Facts First: Contrary to Cotton’s suggestion, there is no evidence Abrams is being dishonest when she says she had urged Major League Baseball not to boycott prior to the league’s decision. Both a Major League Baseball official and an Abrams aide told CNN on condition of anonymity that, on a call between Abrams and a senior league executive before the decision, Abrams had indeed urged the league not to move the All-Star Game out of Georgia. Similarly, The Atlanta Journal-Constitution previously reported that “multiple” baseball and Democratic sources said Abrams had “reiterated her position against economic boycotts” on the call. And again, by the time of Major League Baseball’s announcement, Abrams had made multiple public statements opposing the idea of a corporate boycott in general.
Also, The Washington Post reported that after President Joe Biden said on March 31 that he supported the idea of baseball moving the game, representatives for Abrams and other Georgia Democrats contacted White House officials “to highlight their opposition.”
After the Major League Baseball decision, Abrams issued a statement saying she was “disappointed.” While she commended baseball leaders for “speaking out,” she repeated her call for businesses to come to the state or stay in the state.
“As I have stated, I respect boycotts, although I don’t want to see Georgia families hurt by lost events and jobs. Georgians targeted by voter suppression will be hurt as opportunities go to other states. We should not abandon the victims of GOP malice and lies – we must stand together,” she wrote.
Breaking down the op-ed
To be fair to Cotton, there was some nuance to Abrams’ USA Today op-ed. She began by writing favorably about boycotts in general.

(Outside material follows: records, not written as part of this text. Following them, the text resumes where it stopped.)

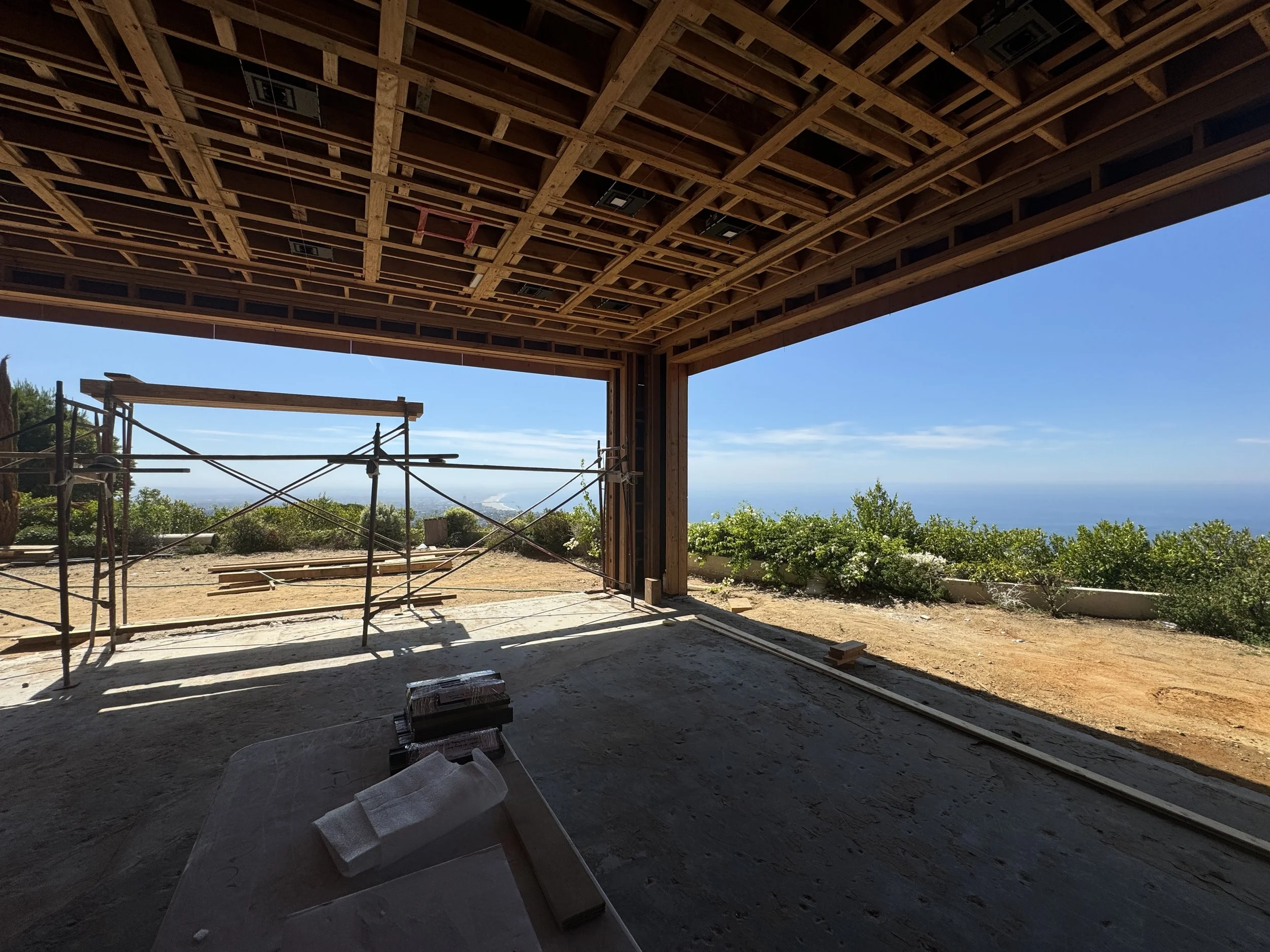 Construction framing of the living room, showing the coffered ceiling structure and large openings oriented toward the Pacific Ocean.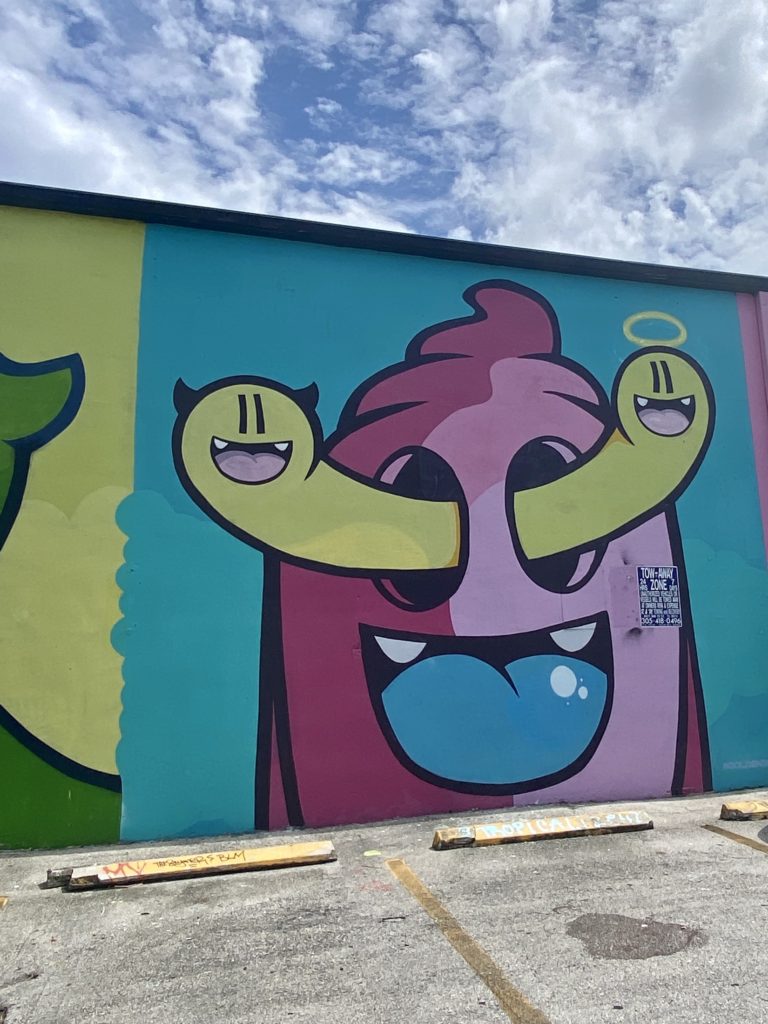 Street art of a cartoon figure with worms in his eyes, Miami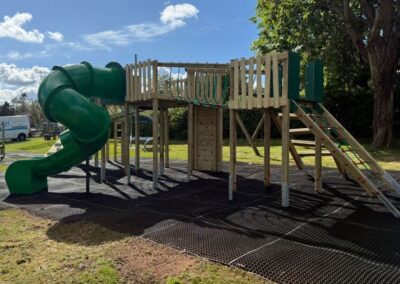 This image shows a playground timber play tower playground equipment installed at Uffculme Parish Council in Tiverton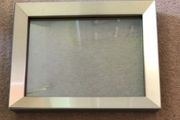 Glass photo frame Size:5x7  Small scratch on top of frame as shown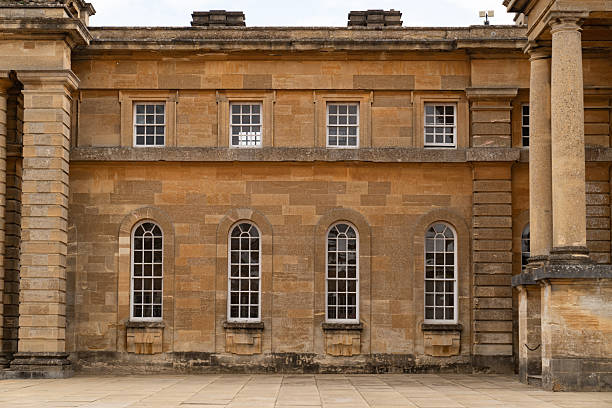 The building stands in quiet symmetry, pale windows framed within warm sandstone and age.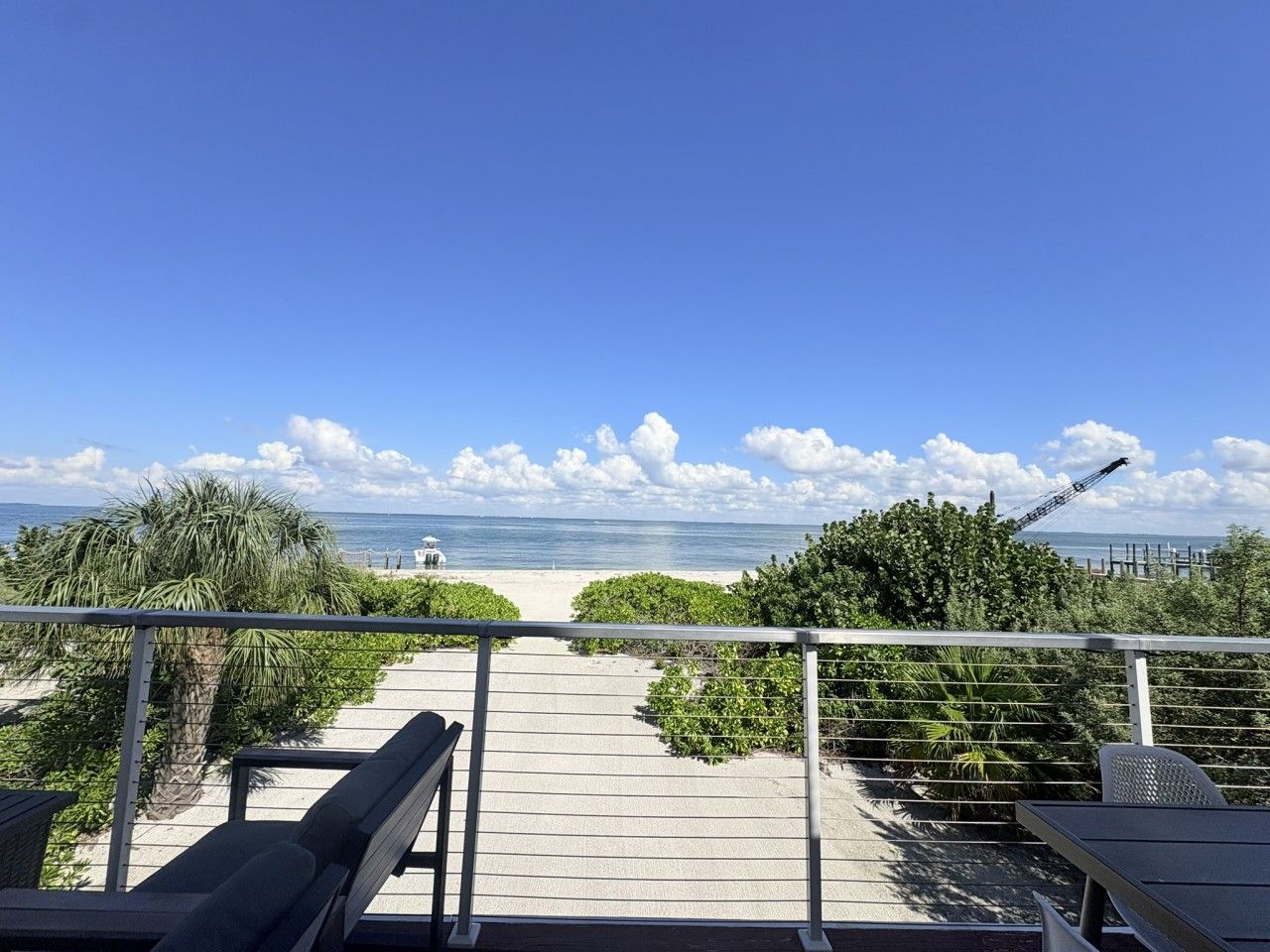 A balcony with a view of the beach and ocean, a palm tree, and a crane in the distance.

After declaring that “boycotts work,” she continued, “The focused power of No, trained on corporate actors used to being told Yes, can yield transformative results. As a Black person, a Southerner, an American, I respect and defend the right to boycott – and the advancement of civil rights has relied heavily on economic boycotts.” Later, she wrote, “Until we hear clear, unequivocal statements that show Georgia-based companies get what’s at stake, I can’t argue with an individual’s choice to opt for their competition.”
In an email to CNN, Cotton spokesman James Arnold argued that this last sentence showed Abrams telling Major League Baseball and other companies that if they did not condemn Georgia, “they would be subject to potential boycotts.”
Fair enough. But that’s different from Abrams calling for an immediate boycott herself – especially because other parts of the op-ed explicitly explained that she did not want an immediate boycott.
Abrams also wrote in the op-ed that the “least resilient” members of society can “bear the brunt” of boycotts. She wrote that it’s not yet necessary for voters of color to endure these “hardships.” She wrote that events and films coming to Georgia would, by and large, speak out against the elections law and hire “young people, people of color and minimum wage workers.”
Then she made her call for businesses to come to Georgia or stay in Georgia.
Various media outlets did not have trouble accurately conveying what Abrams wrote. “Voting rights activist Stacey Abrams is cautioning against a boycott of Georgia businesses over the state’s new voting rights legislation, calling it ‘not necessary’ yet, as President Biden is singing a different tune,” began an article in the conservative New York Post.
Abrams updated the op-ed on April 6 so it could appear in a USA Today print edition after the Major League Baseball decision. The revised version added some nuance to her declaration that “boycotts work,” this time saying they work under certain conditions, and again made clear that she did not support a Georgia boycott.